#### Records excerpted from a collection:
━━━

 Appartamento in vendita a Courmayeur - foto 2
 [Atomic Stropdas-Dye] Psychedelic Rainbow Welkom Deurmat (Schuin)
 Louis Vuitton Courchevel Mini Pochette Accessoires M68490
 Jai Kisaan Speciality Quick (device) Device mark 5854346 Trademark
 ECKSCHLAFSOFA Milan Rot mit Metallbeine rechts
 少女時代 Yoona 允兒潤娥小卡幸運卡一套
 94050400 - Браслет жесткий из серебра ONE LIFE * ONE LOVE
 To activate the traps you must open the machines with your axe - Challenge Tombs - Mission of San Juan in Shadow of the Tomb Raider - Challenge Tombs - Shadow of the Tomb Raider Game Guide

━━━

#### What you will do:
Extract every line from the one with "94050400 - Браслет" down to the final line above, both included, exactly as written.

#### Result of the task:
 94050400 - Браслет жесткий из серебра ONE LIFE * ONE LOVE
 To activate the traps you must open the machines with your axe - Challenge Tombs - Mission of San Juan in Shadow of the Tomb Raider - Challenge Tombs - Shadow of the Tomb Raider Game Guide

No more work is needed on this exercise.